Last U.S. survivor of Bataan Death March buried with honors
The last known U.S. survivor of World War II’s infamous Bataan Death March was buried with military honors at the Veterans Cemetery near Fort Huachuca, Arizona.
Paul Kerchum died last December just six weeks shy of his 103 birthday. A motorcycle escort, an A-10 flyover, Honor Guards from the Air Force, and from the Army honored the life and long service of the retired Air Force Chief Master Sergeant, according to KGUN 9 News.
Born Jan. 25, 1920, Kerchum started his military career at 17 after he joined the U.S. Army in 1938 during the Great Depression.
He served with E Company, 27th Infantry and was stationed in Hawaii, then re-enlisted as a member of the B Company, 31st Infantry Regiment and served in the Philippines from 1940 to 1945.

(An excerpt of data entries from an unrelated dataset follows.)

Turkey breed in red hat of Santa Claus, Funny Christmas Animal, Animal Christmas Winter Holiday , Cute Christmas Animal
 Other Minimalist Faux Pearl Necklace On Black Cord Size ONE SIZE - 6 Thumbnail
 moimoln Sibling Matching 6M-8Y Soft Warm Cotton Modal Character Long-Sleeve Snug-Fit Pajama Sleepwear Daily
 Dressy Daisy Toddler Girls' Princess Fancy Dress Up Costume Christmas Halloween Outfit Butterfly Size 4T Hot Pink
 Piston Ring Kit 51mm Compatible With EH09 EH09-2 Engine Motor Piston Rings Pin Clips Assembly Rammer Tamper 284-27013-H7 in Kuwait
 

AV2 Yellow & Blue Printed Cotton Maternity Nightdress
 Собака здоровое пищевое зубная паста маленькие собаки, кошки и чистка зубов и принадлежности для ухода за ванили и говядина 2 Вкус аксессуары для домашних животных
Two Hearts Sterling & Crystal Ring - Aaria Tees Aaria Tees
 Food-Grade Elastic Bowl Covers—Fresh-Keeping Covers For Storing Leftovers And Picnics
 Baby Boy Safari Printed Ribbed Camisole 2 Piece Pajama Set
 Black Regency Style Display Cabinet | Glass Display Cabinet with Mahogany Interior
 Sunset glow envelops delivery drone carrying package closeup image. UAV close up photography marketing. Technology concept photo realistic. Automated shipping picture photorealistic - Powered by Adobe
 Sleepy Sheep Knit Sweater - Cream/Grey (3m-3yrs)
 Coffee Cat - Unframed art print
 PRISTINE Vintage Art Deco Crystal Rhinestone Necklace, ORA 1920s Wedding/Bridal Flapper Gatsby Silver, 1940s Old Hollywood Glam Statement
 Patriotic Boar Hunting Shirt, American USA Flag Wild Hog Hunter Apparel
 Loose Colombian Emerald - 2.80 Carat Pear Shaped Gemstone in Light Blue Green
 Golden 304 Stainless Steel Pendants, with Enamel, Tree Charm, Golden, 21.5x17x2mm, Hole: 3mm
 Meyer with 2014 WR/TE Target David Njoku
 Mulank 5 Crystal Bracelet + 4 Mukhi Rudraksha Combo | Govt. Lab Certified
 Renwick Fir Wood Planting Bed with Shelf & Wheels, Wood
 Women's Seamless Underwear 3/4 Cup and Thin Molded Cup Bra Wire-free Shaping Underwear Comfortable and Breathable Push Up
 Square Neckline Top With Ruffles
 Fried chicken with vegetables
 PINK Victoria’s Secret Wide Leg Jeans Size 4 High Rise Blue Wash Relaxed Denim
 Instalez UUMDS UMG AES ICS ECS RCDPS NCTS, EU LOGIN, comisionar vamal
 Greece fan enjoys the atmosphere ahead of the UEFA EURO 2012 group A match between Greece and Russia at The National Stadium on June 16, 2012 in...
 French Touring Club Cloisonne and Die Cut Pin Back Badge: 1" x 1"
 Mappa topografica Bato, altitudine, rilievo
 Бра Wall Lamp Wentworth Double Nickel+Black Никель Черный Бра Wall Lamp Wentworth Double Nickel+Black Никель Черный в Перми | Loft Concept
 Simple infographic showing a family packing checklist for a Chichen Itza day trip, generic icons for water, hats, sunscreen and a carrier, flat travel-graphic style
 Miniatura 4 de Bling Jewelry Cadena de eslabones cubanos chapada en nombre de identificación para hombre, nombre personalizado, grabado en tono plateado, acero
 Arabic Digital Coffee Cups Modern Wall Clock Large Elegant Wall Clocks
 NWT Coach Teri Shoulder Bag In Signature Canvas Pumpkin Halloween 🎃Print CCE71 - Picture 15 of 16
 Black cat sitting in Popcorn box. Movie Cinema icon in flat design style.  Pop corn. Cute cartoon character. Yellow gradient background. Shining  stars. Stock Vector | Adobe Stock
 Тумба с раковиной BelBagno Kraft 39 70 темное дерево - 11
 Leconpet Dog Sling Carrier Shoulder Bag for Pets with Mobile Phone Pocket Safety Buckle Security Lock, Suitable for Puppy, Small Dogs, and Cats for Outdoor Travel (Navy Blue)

Kerchum survived the Bataan Death March. While on that 55-mile forced march from Mariveles to the San Fernando rail head, he recalled how men were shot, bayoneted, beheaded or beaten to death by Japanese soldiers. He spent three and a half years as a prisoner of war in Japanese Army labor camps in the Philippines, Taiwan and Japan.
After the war, in 1945, Kerchum enlisted in what was then the U.S. Army Air Corps, later the U.S. Air Force. ). He also fought in the Korean War.
He retired from the military after 29 years’ service (eight years in the Army and 21 in the Air Force. He moved to Benson, Arizona in 1966, until he passed away.